This document describes the data formats accepted by the search module for each field type during ingestion (when keys are created or modified) and how those values are processed before being stored in the index.

Tag Fields

For both HASH and JSON index types, the incoming data for a tag field is a single UTF-8 string. A tag field can contain one or more tag values within a single string.

Tag Ingestion

On ingestion, the input string is split using the declared SEPARATOR character into individual tags. The default separator is , (comma). A different separator can be specified when the field is declared with FT.CREATE:

FT.CREATE idx SCHEMA color TAG SEPARATOR "|"

The valid separator characters are: ,.<>{}[]"':;!@#$%^&*()-+=~

After splitting, each tag is processed as follows:

Leading and trailing ASCII whitespace is stripped from each tag.
Empty tags (those that are empty or whitespace only after trimming) are silently discarded.
Duplicate tags within a single field value are deduplicated.

If the field value produces no valid tags after processing, the key is tracked but not indexed for that field.

Case Sensitivity

By default, tag matching is case-insensitive. The CASESENSITIVE option on FT.CREATE changes this behavior:

FT.CREATE idx SCHEMA color TAG CASESENSITIVE

When CASESENSITIVE is not set, tags like "Blue" and "blue" are treated as equivalent during search. When CASESENSITIVE is set, they are treated as distinct values.

Ingestion Separator vs. Query Separator

The separator specified in FT.CREATE applies only during data ingestion. In query expressions (FT.SEARCH), the separator between tags is always | (pipe), regardless of the ingestion separator. See the query documentation for details.

Examples of Tag Values

Given FT.CREATE idx SCHEMA color TAG (default separator ,):

HSET doc:1 color "blue"                       --> tags: {"blue"}
HSET doc:2 color "blue,red"                   --> tags: {"blue", "red"}
HSET doc:3 color " blue , red "               --> tags: {"blue", "red"}
HSET doc:4 color "blue,,red"                  --> tags: {"blue", "red"}
HSET doc:5 color "hello world, green is nice" --> tags: {"hello world", "green is nice"}
HSET doc:6 color "  "                         --> no tags (key is untracked)

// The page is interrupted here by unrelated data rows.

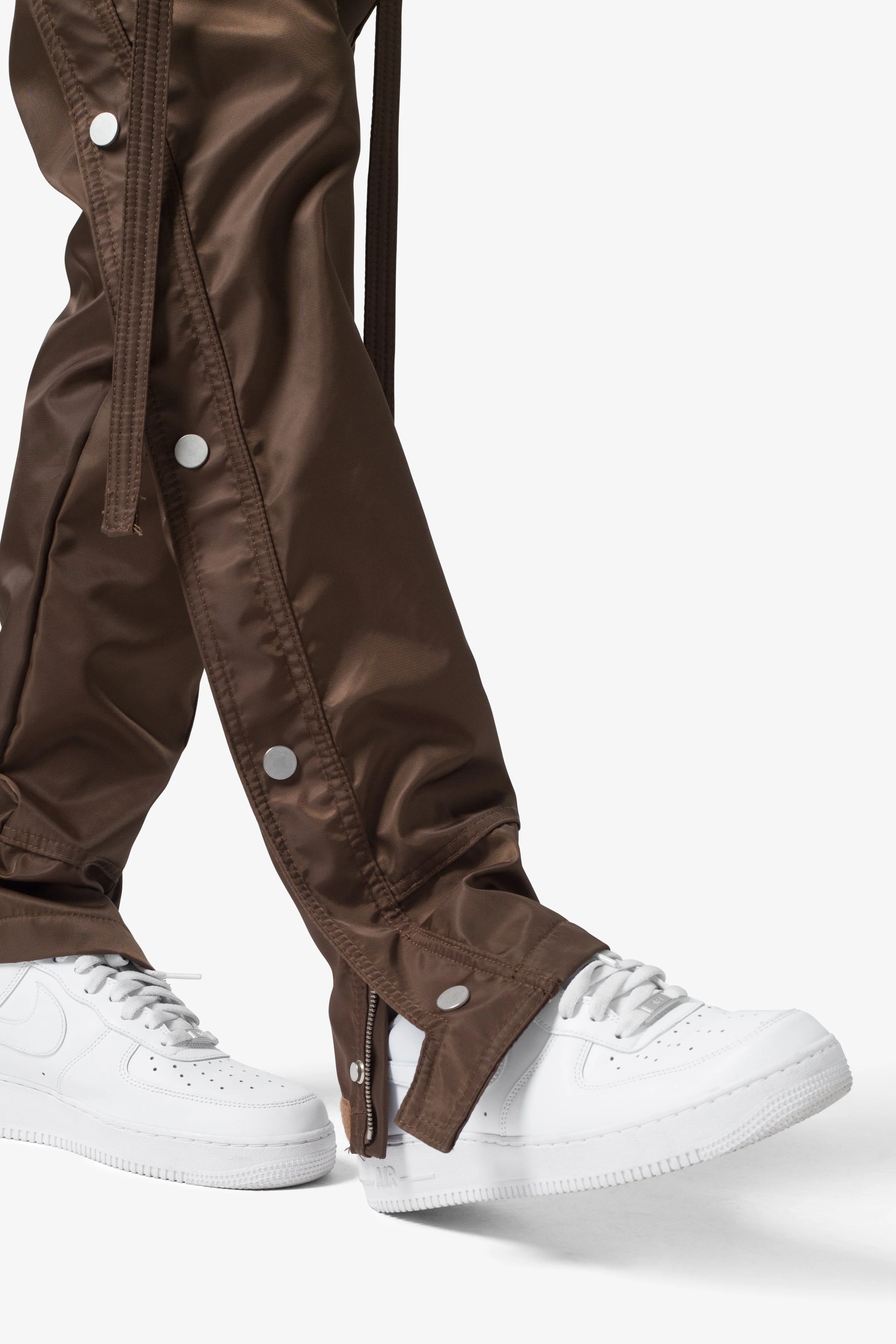 Snap Zipper II Cargo Pants - Brown - Image 8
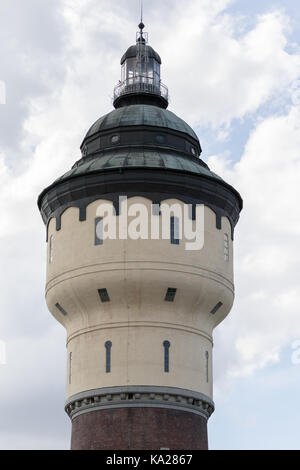 Pilsen, Czech Republic - August 16, 2017: Lighthouse tower in the Pilsner Urquell beer factory Stock Photo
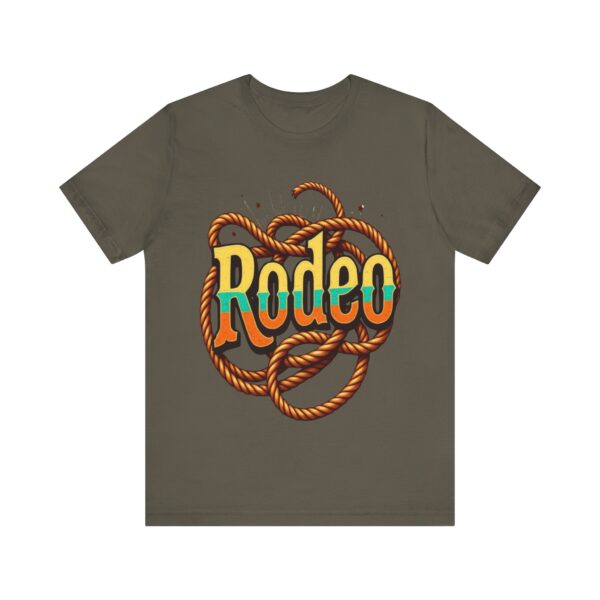 Rodeo Lariat T-Shirt – Bold Cowboy Typography Design for Western Enthusiasts - Image 25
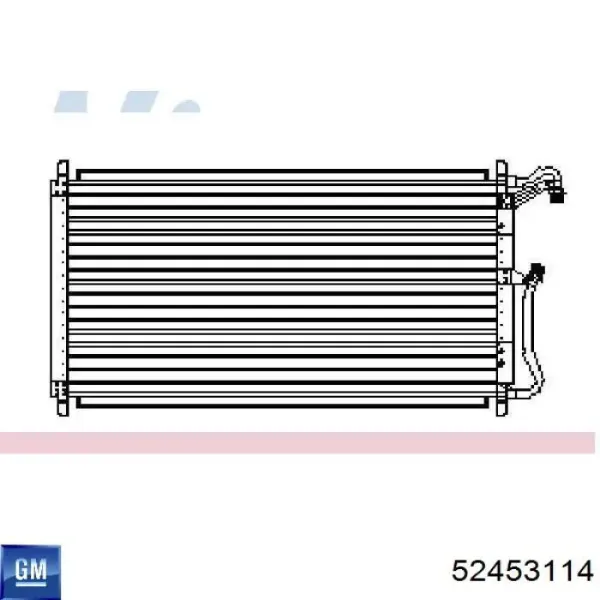 Радиатор кондиционера 52453114 General Motors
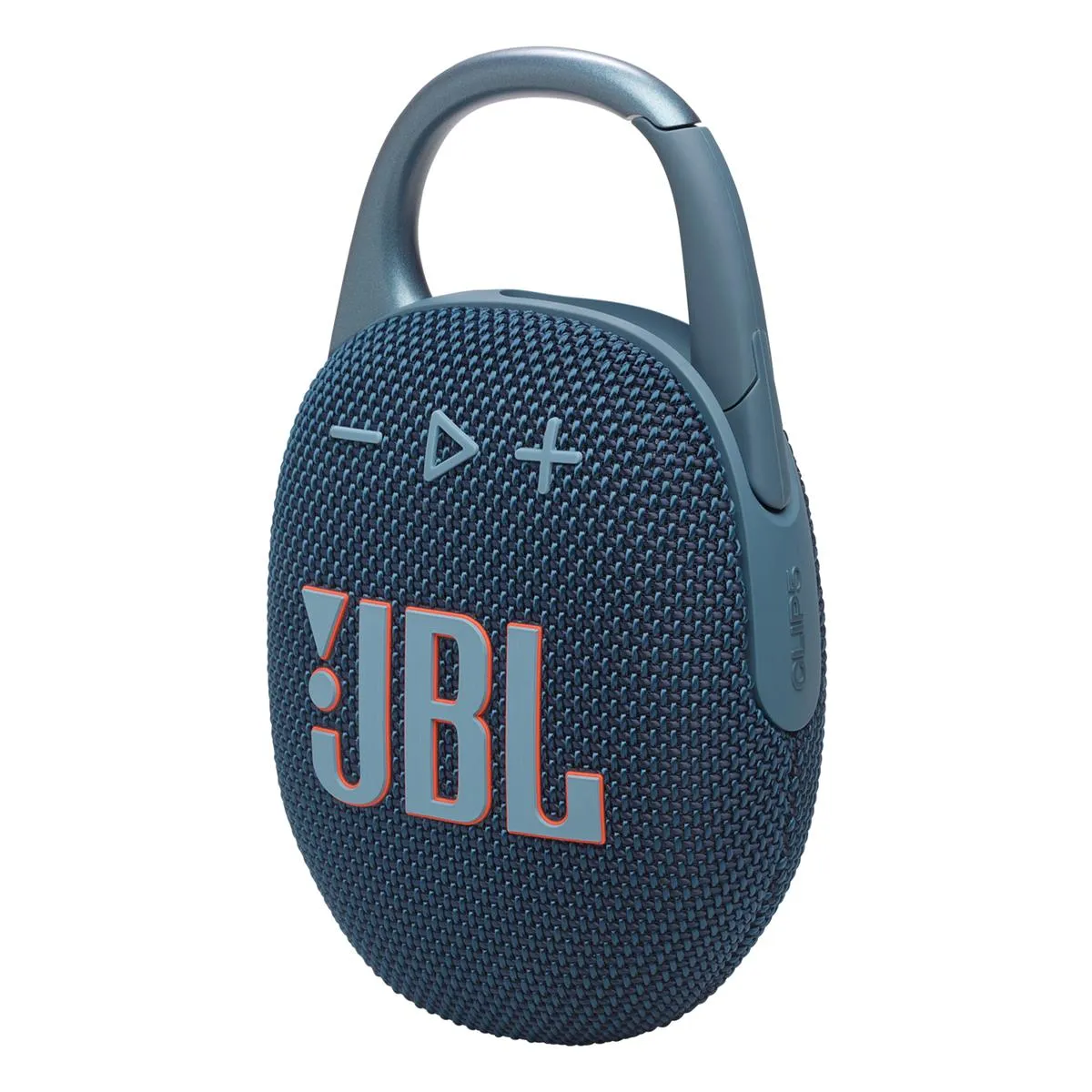 JBL Clip 5 Ultra Portable Bluetooth Speaker with gSport Carbon Fiber Case (Blue)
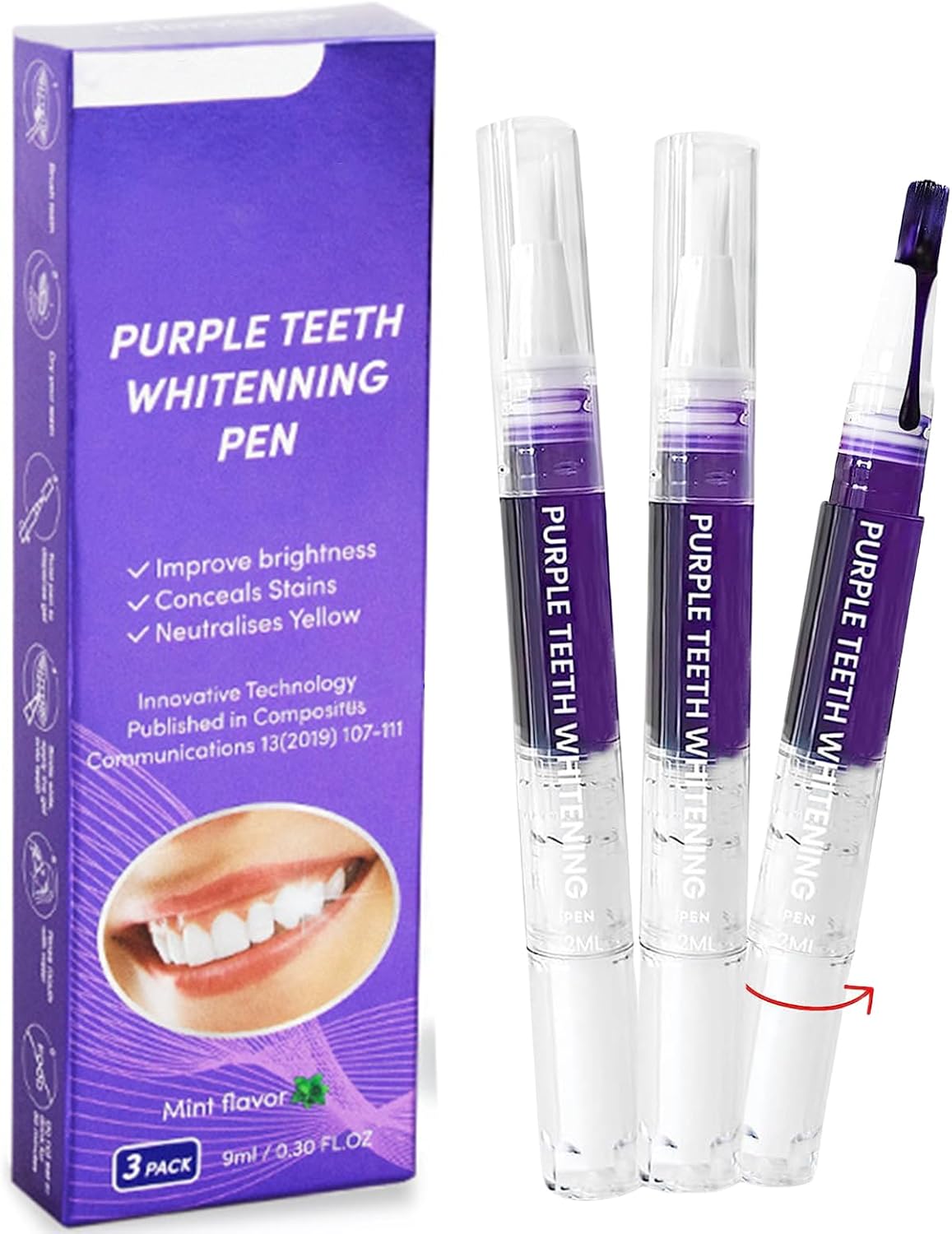 Zahnaufhellung Stift Purple Teeth Whitening Pen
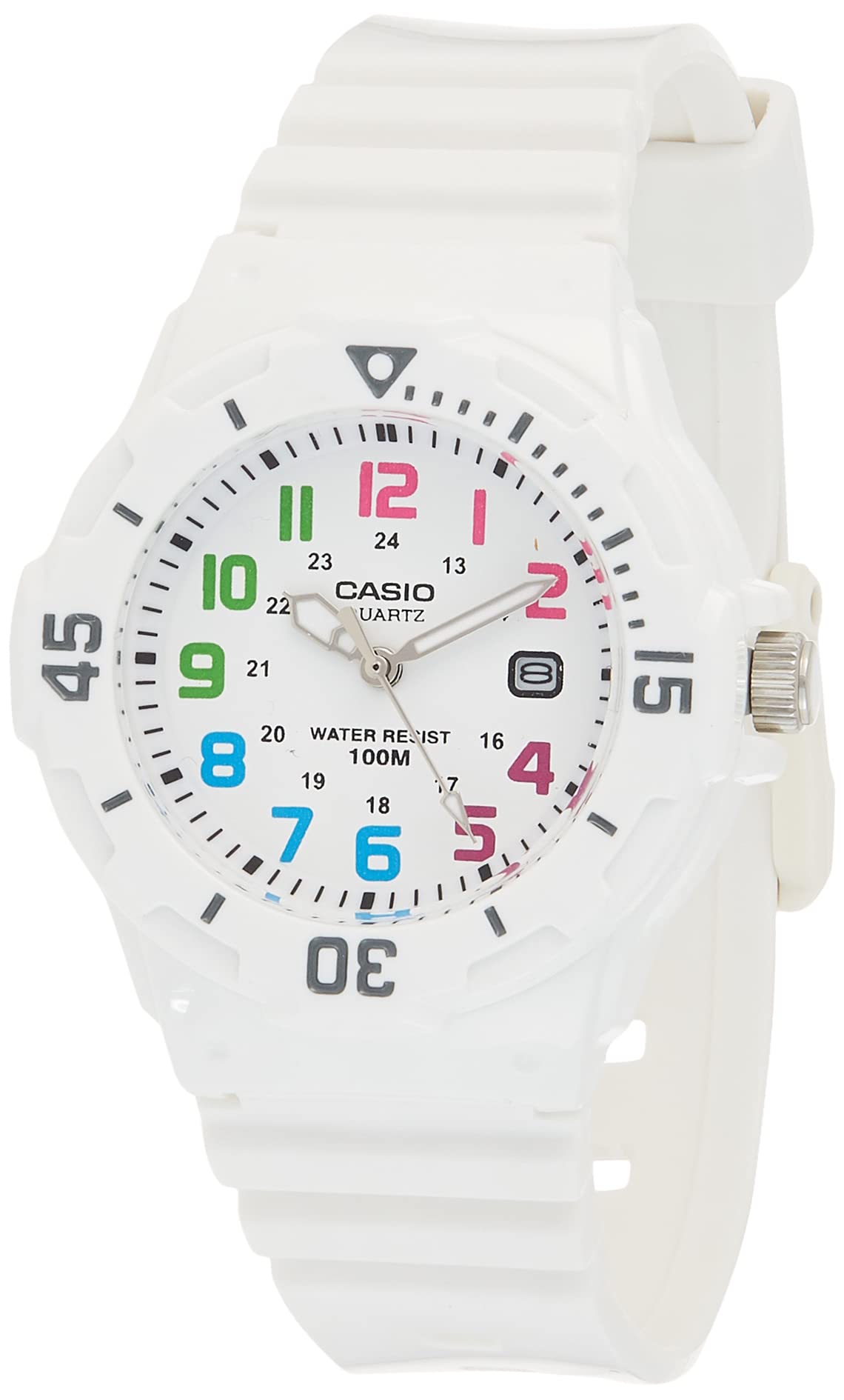 LRW200H-7B Women's Dive Surf Series Sports White Dial White Strap Date Watch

Note that spaces within a tag are preserved. In the example above, "hello world" is a single tag containing a space.

Given FT.CREATE idx SCHEMA skills TAG SEPARATOR "|":

HSET doc:1 skills "python|java|go"    --> tags: {"python", "java", "go"}
HSET doc:2 skills "python | java"     --> tags: {"python", "java"}

Numeric Fields

A numeric field contains a single number. On ingestion, the field value is parsed as a 64-bit IEEE 754 double-precision floating-point number.

Accepted Formats

The following formats are accepted on ingestion:

Integers: "42", "-100", "0"
Floating-point: "3.14", "-0.5", "2.0"
Scientific notation: "1e2", "3.14e-5"
Positive infinity: "inf", "Inf", "+inf"
Negative infinity: "-inf", "-Inf"

The following are rejected:

NaN: "nan", "NaN", "NAN" -- explicitly rejected on ingestion.
Non-numeric strings: "hello", "" -- the key becomes untracked for this field.

When a value is rejected, the key is not indexed for that field. This is not treated as an error; the key simply does not appear in numeric range queries.

Precision and Range

All numeric values are stored internally as 64-bit double-precision floating-point numbers:

Range: approximately +/-1.7976931348623157 x 10^308
Integer precision: integers up to 2^53 (9,007,199,254,740,992) are represented exactly; larger integers may lose precision.
Decimal precision: approximately 15-17 significant decimal digits.

Examples of Numeric Values

HSET product:1 price "999.99"     --> stored as 999.99
HSET product:2 price "42"         --> stored as 42.0
HSET product:3 price "-100"       --> stored as -100.0
HSET product:4 price "1e2"        --> stored as 100.0
HSET product:5 price "inf"        --> stored as +infinity
HSET product:6 price "nan"        --> rejected (key untracked for this field)
HSET product:7 price "hello"      --> rejected (key untracked for this field)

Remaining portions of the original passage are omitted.